» EXERCISE DESCRIPTION
The entries below need to be written out exactly, with no pictures included.

» EXERCISE INPUT
####################
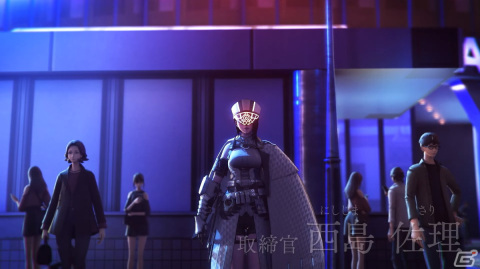 フリューの新作ジュブナイルアクションRPG「REYNATIS／レナティス」が7月25日に発売！現代の渋谷を舞台に二人の魔法使いによる戦いを描くの画像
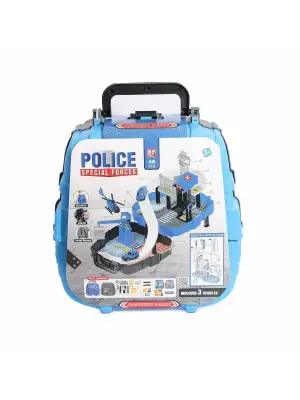 BP-622 ÇANTALI POLİS YOL SET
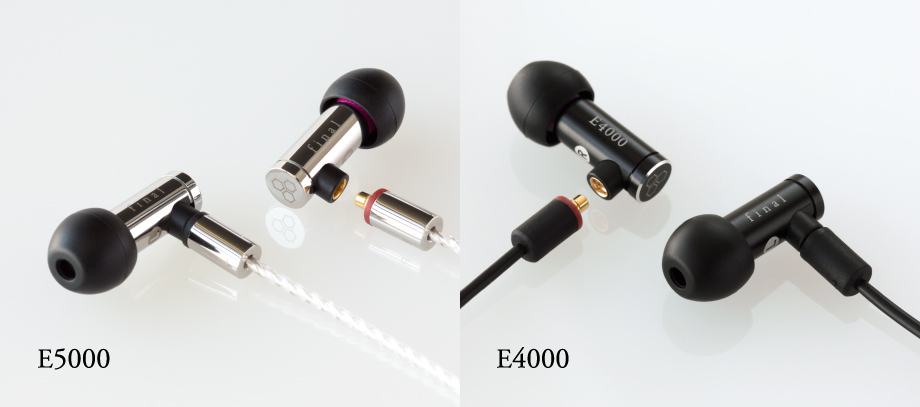 累計売り上げ本数10万本以上！ 人気のEシリーズ初のリケーブルモデル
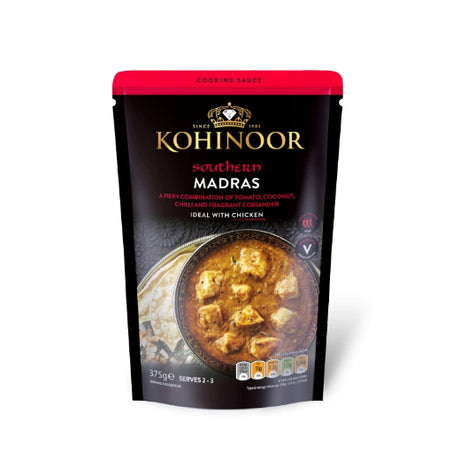 Kohinoor Southern Madras (6x375g)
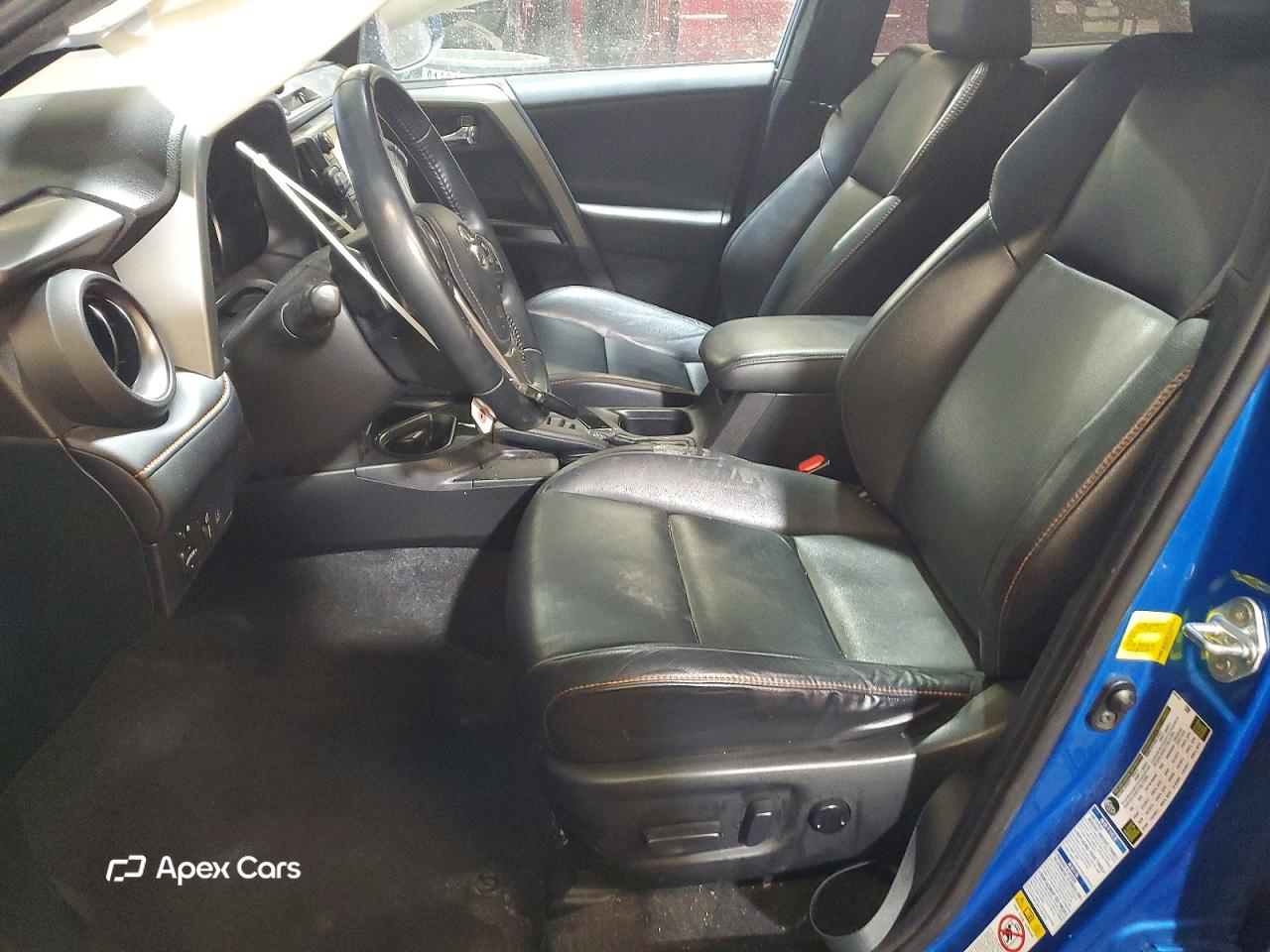 Toyota RAV 4 2016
####################
» TASK RESPONSE
 フリューの新作ジュブナイルアクションRPG「REYNATIS／レナティス」が7月25日に発売！現代の渋谷を舞台に二人の魔法使いによる戦いを描くの画像
 BP-622 ÇANTALI POLİS YOL SET
 累計売り上げ本数10万本以上！ 人気のEシリーズ初のリケーブルモデル
 Kohinoor Southern Madras (6x375g)
 Toyota RAV 4 2016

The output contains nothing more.